Вот что я хорошо помню – это праздник Победы – 9 мая 1945 года, когда мы с моей главной подругой Нелли пошли на Красную площадь, и весь этот путь по улице Горького, запруженной толпой счастливых, смеющихся, плачущих от радости людей, и, конечно, салют. Люди были полностью объединены в чувстве счастья. (Нечто подобное мы все пережили в 1991 году после путча. Он и путчем-то не был – где же ленинские телеграф, железная дорога и еще что – но тогда показалось, что коммунистам пришёл конец.) Узнать правду о войне довелось многие годы спустя, уже после смерти папы и только после смерти нашего отца генералиссимуса. И то не сразу. Все было ложью, и книги, и веселые фильмы – все. Пока не появились книги Владимова, Быкова, Кондратьева, Ржевской, а в кино «Летят журавли», «Баллада о солдате», «Иваново детство» и многое-многое другое. Долго жили в полной лжи.
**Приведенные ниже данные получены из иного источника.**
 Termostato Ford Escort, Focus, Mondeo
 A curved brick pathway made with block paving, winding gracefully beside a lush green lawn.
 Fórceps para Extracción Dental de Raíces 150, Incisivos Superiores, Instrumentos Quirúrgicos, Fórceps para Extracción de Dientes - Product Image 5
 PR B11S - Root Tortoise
Наш же дом доживал оставшиеся три страшных года войны спокойно, если не считать воздушных тревог. Он был еще почти пустым, мы вернулись из эвакуации первыми.
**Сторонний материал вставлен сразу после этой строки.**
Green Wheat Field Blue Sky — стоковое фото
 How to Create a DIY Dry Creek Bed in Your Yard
Папа, как я уже писала, несколько раз ездил на фронт, мама сочиняла, папа тоже, они работали, а я еще в военном 1943 году пошла в школу, о которой вспоминаю всю жизнь с нежным чувством. Холодный класс, казарменный, недружелюбный, с тремя рядами черных парт, ядовитый цвет стен, каждая тетрадка на вес золота, перья рондо, «непроливайки», перочистки, девочки – я попала ровно на те десять лет, когда Сталин ввел раздельное обучение, – почему-то вспоминается все это как счастье. Странные вещи происходят в жизни: нас, например, учили, что хорошие манеры или галстук у мужчин – это пережитки буржуазного прошлого, что родители – это вообще нечто весьма второстепенное и подозрительное, что не следует обращать внимания на их мнения, а главное – это учителя, и много еще каким глупостям нас учили, но при этом научили писать всех каллиграфическим почерком, «с нажимом» и, вбив в наши головы некие идиотские и лживые идеалы, вбили одновременно и то, что они все же существуют. Поэтому, мне кажется, что лишившись их после смерти вождя народов и доклада Хрущева, мы заменили потерянное чем-то все же приобретенным: добросовестностью, честностью, наличием совести. Странно это все. Хоть и трагедию наше поколение тоже пережило страшную: полное крушение веры в то, что казалось незыблемым. Ведь после смерти папы я по ночам молилась Сталину, чтобы мама не болела.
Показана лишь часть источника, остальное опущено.